In a retrospective study, Espehaug et al. [12] reports the results of the Norwegian Registry on 10,905 cemented primary total knee arthroplasties. The patients were divided into four groups on the basis of the type of prophylaxis: the first group was treated with systemic antibiotic and antibiotic-loaded bone cement, the second with only systemic antibiotic, the third only with antibiotic-loaded bone cement and the fourth underwent no prophylaxis whatsoever. The author states that at a 5-year follow-up, only the association of antibiotic-loaded bone cement with a systemic therapy is an efficient strategy to reduce the risk of infections, especially if gentamycin is used in the cement.

Another retrospective study was carried out by Malchau et al. [27, 28], which analyses the results of the Swedish Registry on 92,675 primary hip arthroplasties carried out between 1978 and 1990. The author states that the laminar flows of operating theatres and the use of antibiotic-loaded bone cement with gentamycin were the only significant factors that reduce the incidence of deep infections. What is more, according to Malchau, the use of Palacos G (Biomet Deutschland, Darmstadt, Germany) as antibiotic-loaded bone cement showed itself to be the most effective in reducing the rate of revision, and that the use of antibiotic-loaded bone cement in prosthetics has an advantageous cost/benefit ratio; it enormously reduces the costs due to revisions.

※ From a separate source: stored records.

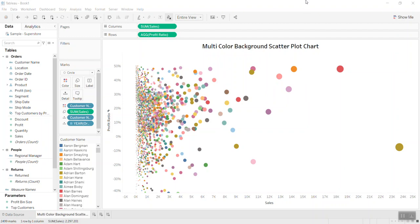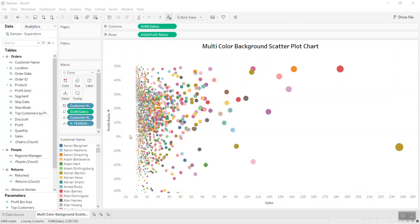Hey guys, welcome back to my channel Tableau Tip-Top. Today I have a quick tip I would like to share with you. Look at my screen — I have a scatterplot chart here, and how cool is it that in the background of the chart I put different colors to differentiate the band levels of the profit ratio. Below 10% the background will be darker, and lighter when the profit ratio goes up to a higher level.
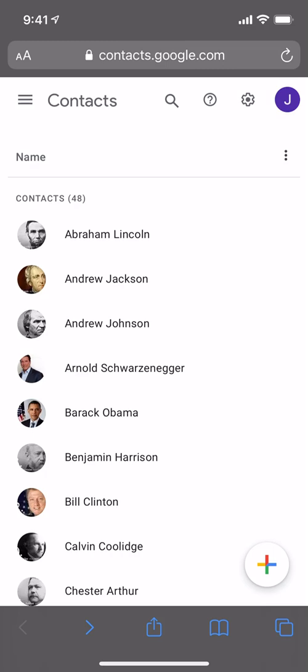Hi, in this video I'd like to show you how to sync contacts between two Google accounts. You may want to do this for a number of reasons. For example, perhaps you're a husband and wife who want to share the same contacts, or perhaps you have a personal and a business account and you'd like to have the same contacts in both places.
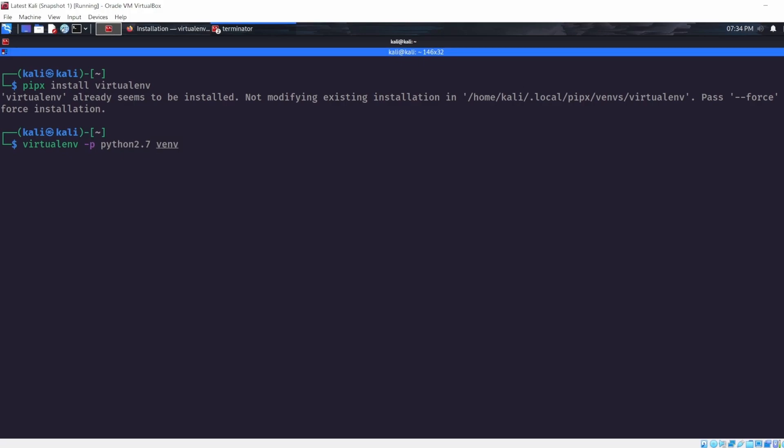Let me just explain what this is. So this is the command for spawning a virtual environment. The dash p allows us to choose what interpreter to use, and in this case we want to install Pwntools Python 2.7. So Python 2.7, and then vm is the name of the virtual environment.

Through a retrospective study, Bourne [4] assesses the percentage of infections in 1,161 patients undergoing surgery for knee replacement. Bourne divides the sample into two groups: the first group made up of 493 patients, underwent surgery in an operating theatre without laminar flows, using Simplex cement (Striker Howmedica Orthopaedics, Mahawah, New Jersey, USA) associated with erythromycin and colistin; the second group underwent surgery in an operating theatre equipped with laminar flows, using cement without an antibiotic. In both groups, the rate of infection was of 0.6%; this value brings the author to the conclusion that the use of antibiotic-loaded bone cement is as effective in the prevention of infections as the use of laminar flows.

Conclusion

The randomized, prospective and retrospective clinical studies present in the literature have confirmed the effectiveness of the use of antibiotic-loaded bone cement in the prevention of deep infections in the first implant, without affecting the prosthetic outcome. This use becomes even more necessary and proper in the presence of operating theatres lacking systems of clean air, such as laminar flows or ultraviolet light, and in high-risk patients such as those with a compromised immune system (rheumatoid arthritis, LES, immunodepression, psoriasis, tumours), those having undergone antibiotic therapy within the year, diabetics, those over 75 years old and those undergoing revision surgery. The cost of the antibiotic-loaded bone cement is a problem that still requires greater attention in the future. The potential risks associated with the use of antibiotic-loaded bone cement have not materialised, but need a careful and continuous surveillance activity, especially in terms of drug-resistance.

In our opinion, the use of antibiotic-loaded bone cement, in association with a systemic therapy, is a valid strategy to prevent and “fight” an issue that continues to afflict the orthopaedic surgeon, such as post-surgical infection. Anyway we believe that this “weapon” certainly must not lead to failure to comply with the absolute principles of surgical sterility.